> _EXERCISE OBJECTIVE_: Search the records for the string "with", then copy each line that has it.

== DATA SUPPLIED ==

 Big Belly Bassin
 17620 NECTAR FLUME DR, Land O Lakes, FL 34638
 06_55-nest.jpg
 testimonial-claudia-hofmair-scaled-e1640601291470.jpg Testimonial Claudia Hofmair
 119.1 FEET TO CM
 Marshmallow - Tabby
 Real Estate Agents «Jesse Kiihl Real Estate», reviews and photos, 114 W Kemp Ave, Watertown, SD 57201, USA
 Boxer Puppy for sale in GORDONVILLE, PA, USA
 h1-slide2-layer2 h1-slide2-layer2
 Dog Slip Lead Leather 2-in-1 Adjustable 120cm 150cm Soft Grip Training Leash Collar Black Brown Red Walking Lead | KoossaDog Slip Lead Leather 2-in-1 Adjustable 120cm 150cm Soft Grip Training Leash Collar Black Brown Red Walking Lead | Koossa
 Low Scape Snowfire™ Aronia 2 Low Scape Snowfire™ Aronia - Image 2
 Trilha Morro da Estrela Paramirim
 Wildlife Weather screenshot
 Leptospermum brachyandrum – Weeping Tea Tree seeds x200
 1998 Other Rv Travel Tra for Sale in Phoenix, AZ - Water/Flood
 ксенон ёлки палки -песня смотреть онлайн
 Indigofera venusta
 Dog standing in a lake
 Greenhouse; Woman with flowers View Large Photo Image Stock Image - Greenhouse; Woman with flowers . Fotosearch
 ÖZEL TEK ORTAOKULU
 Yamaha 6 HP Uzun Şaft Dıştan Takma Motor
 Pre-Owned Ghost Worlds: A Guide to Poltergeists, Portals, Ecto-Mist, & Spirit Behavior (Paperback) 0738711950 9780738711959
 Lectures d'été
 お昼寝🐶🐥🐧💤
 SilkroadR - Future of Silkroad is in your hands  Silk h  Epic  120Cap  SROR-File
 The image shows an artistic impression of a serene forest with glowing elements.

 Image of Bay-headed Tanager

===

> _SOLVED PROBLEM_:
 Greenhouse; Woman with flowers View Large Photo Image Stock Image - Greenhouse; Woman with flowers . Fotosearch
 The image shows an artistic impression of a serene forest with glowing elements.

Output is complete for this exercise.